* Task description
What is needed is an exact copy of all the records.

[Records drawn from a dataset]
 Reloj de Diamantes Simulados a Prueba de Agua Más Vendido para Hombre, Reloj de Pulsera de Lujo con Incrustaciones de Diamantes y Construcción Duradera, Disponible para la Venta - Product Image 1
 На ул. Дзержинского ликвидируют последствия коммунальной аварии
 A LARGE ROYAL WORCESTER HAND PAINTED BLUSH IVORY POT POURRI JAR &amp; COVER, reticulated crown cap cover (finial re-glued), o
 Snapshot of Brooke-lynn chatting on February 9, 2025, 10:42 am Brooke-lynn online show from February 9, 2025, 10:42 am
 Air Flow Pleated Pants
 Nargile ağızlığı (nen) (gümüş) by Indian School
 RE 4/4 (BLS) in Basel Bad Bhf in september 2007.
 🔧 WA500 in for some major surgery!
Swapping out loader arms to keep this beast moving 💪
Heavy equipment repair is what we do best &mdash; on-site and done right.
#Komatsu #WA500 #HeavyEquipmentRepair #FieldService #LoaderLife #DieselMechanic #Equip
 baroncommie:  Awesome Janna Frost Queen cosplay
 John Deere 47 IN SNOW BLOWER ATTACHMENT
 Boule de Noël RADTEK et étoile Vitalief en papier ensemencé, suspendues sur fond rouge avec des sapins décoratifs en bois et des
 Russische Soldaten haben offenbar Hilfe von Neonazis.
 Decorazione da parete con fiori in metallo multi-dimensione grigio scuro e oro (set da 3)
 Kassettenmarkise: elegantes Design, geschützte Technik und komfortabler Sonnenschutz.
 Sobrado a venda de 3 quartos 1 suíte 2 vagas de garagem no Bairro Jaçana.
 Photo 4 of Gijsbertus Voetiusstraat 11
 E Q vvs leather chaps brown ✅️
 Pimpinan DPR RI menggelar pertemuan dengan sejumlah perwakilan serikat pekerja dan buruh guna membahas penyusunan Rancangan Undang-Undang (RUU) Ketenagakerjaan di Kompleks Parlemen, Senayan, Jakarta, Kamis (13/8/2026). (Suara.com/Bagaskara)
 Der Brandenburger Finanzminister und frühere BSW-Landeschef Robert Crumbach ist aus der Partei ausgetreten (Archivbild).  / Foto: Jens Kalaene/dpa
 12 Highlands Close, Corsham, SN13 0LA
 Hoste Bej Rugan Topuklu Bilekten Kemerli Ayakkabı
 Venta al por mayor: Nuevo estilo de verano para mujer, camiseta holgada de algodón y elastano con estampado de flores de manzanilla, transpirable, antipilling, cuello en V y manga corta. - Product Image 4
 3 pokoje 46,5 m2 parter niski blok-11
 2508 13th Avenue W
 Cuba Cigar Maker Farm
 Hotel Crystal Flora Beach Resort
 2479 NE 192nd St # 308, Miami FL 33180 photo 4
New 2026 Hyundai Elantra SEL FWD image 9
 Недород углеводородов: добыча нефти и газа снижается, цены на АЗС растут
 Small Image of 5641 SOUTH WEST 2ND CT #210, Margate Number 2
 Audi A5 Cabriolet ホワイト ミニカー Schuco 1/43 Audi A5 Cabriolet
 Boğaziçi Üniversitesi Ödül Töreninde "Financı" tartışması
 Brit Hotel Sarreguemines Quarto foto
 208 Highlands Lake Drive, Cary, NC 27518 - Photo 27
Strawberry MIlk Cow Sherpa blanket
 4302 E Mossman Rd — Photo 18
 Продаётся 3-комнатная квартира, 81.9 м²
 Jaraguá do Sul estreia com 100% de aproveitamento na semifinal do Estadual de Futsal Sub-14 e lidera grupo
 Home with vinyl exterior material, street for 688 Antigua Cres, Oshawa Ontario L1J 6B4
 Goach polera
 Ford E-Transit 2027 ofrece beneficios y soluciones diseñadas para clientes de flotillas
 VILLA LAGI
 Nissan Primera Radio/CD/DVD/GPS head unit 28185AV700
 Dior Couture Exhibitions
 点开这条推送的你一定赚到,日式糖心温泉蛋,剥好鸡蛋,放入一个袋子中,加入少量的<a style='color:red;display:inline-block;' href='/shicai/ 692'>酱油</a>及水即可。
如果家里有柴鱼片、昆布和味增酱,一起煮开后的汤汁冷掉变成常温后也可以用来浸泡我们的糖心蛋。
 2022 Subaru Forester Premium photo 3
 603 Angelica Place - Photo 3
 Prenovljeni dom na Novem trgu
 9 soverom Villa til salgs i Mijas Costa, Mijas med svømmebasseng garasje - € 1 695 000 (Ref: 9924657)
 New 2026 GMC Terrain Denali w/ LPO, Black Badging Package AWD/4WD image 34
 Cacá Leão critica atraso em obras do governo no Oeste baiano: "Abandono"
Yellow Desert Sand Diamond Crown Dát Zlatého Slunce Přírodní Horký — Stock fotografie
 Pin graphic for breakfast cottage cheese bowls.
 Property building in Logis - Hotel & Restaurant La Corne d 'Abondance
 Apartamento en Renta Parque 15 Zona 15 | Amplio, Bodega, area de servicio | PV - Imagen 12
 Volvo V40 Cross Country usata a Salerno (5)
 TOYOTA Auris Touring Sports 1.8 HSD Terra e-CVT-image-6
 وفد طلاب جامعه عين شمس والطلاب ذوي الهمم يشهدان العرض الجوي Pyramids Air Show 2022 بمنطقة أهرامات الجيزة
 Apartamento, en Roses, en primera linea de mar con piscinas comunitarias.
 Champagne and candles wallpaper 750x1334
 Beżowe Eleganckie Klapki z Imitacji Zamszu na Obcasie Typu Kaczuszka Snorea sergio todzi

* Expected output
 Reloj de Diamantes Simulados a Prueba de Agua Más Vendido para Hombre, Reloj de Pulsera de Lujo con Incrustaciones de Diamantes y Construcción Duradera, Disponible para la Venta - Product Image 1
 На ул. Дзержинского ликвидируют последствия коммунальной аварии
 A LARGE ROYAL WORCESTER HAND PAINTED BLUSH IVORY POT POURRI JAR &amp; COVER, reticulated crown cap cover (finial re-glued), o
 Snapshot of Brooke-lynn chatting on February 9, 2025, 10:42 am Brooke-lynn online show from February 9, 2025, 10:42 am
 Air Flow Pleated Pants
 Nargile ağızlığı (nen) (gümüş) by Indian School
 RE 4/4 (BLS) in Basel Bad Bhf in september 2007.
 🔧 WA500 in for some major surgery!
Swapping out loader arms to keep this beast moving 💪
Heavy equipment repair is what we do best &mdash; on-site and done right.
#Komatsu #WA500 #HeavyEquipmentRepair #FieldService #LoaderLife #DieselMechanic #Equip
 baroncommie:  Awesome Janna Frost Queen cosplay
 John Deere 47 IN SNOW BLOWER ATTACHMENT
 Boule de Noël RADTEK et étoile Vitalief en papier ensemencé, suspendues sur fond rouge avec des sapins décoratifs en bois et des
 Russische Soldaten haben offenbar Hilfe von Neonazis.
 Decorazione da parete con fiori in metallo multi-dimensione grigio scuro e oro (set da 3)
 Kassettenmarkise: elegantes Design, geschützte Technik und komfortabler Sonnenschutz.
 Sobrado a venda de 3 quartos 1 suíte 2 vagas de garagem no Bairro Jaçana.
 Photo 4 of Gijsbertus Voetiusstraat 11
 E Q vvs leather chaps brown ✅️
 Pimpinan DPR RI menggelar pertemuan dengan sejumlah perwakilan serikat pekerja dan buruh guna membahas penyusunan Rancangan Undang-Undang (RUU) Ketenagakerjaan di Kompleks Parlemen, Senayan, Jakarta, Kamis (13/8/2026). (Suara.com/Bagaskara)
 Der Brandenburger Finanzminister und frühere BSW-Landeschef Robert Crumbach ist aus der Partei ausgetreten (Archivbild).  / Foto: Jens Kalaene/dpa
 12 Highlands Close, Corsham, SN13 0LA
 Hoste Bej Rugan Topuklu Bilekten Kemerli Ayakkabı
 Venta al por mayor: Nuevo estilo de verano para mujer, camiseta holgada de algodón y elastano con estampado de flores de manzanilla, transpirable, antipilling, cuello en V y manga corta. - Product Image 4
 3 pokoje 46,5 m2 parter niski blok-11
 2508 13th Avenue W
 Cuba Cigar Maker Farm
 Hotel Crystal Flora Beach Resort
 2479 NE 192nd St # 308, Miami FL 33180 photo 4
New 2026 Hyundai Elantra SEL FWD image 9
 Недород углеводородов: добыча нефти и газа снижается, цены на АЗС растут
 Small Image of 5641 SOUTH WEST 2ND CT #210, Margate Number 2
 Audi A5 Cabriolet ホワイト ミニカー Schuco 1/43 Audi A5 Cabriolet
 Boğaziçi Üniversitesi Ödül Töreninde "Financı" tartışması
 Brit Hotel Sarreguemines Quarto foto
 208 Highlands Lake Drive, Cary, NC 27518 - Photo 27
Strawberry MIlk Cow Sherpa blanket
 4302 E Mossman Rd — Photo 18
 Продаётся 3-комнатная квартира, 81.9 м²
 Jaraguá do Sul estreia com 100% de aproveitamento na semifinal do Estadual de Futsal Sub-14 e lidera grupo
 Home with vinyl exterior material, street for 688 Antigua Cres, Oshawa Ontario L1J 6B4
 Goach polera
 Ford E-Transit 2027 ofrece beneficios y soluciones diseñadas para clientes de flotillas
 VILLA LAGI
 Nissan Primera Radio/CD/DVD/GPS head unit 28185AV700
 Dior Couture Exhibitions
 点开这条推送的你一定赚到,日式糖心温泉蛋,剥好鸡蛋,放入一个袋子中,加入少量的<a style='color:red;display:inline-block;' href='/shicai/ 692'>酱油</a>及水即可。
如果家里有柴鱼片、昆布和味增酱,一起煮开后的汤汁冷掉变成常温后也可以用来浸泡我们的糖心蛋。
 2022 Subaru Forester Premium photo 3
 603 Angelica Place - Photo 3
 Prenovljeni dom na Novem trgu
 9 soverom Villa til salgs i Mijas Costa, Mijas med svømmebasseng garasje - € 1 695 000 (Ref: 9924657)
 New 2026 GMC Terrain Denali w/ LPO, Black Badging Package AWD/4WD image 34
 Cacá Leão critica atraso em obras do governo no Oeste baiano: "Abandono"
Yellow Desert Sand Diamond Crown Dát Zlatého Slunce Přírodní Horký — Stock fotografie
 Pin graphic for breakfast cottage cheese bowls.
 Property building in Logis - Hotel & Restaurant La Corne d 'Abondance
 Apartamento en Renta Parque 15 Zona 15 | Amplio, Bodega, area de servicio | PV - Imagen 12
 Volvo V40 Cross Country usata a Salerno (5)
 TOYOTA Auris Touring Sports 1.8 HSD Terra e-CVT-image-6
 وفد طلاب جامعه عين شمس والطلاب ذوي الهمم يشهدان العرض الجوي Pyramids Air Show 2022 بمنطقة أهرامات الجيزة
 Apartamento, en Roses, en primera linea de mar con piscinas comunitarias.
 Champagne and candles wallpaper 750x1334
 Beżowe Eleganckie Klapki z Imitacji Zamszu na Obcasie Typu Kaczuszka Snorea sergio todzi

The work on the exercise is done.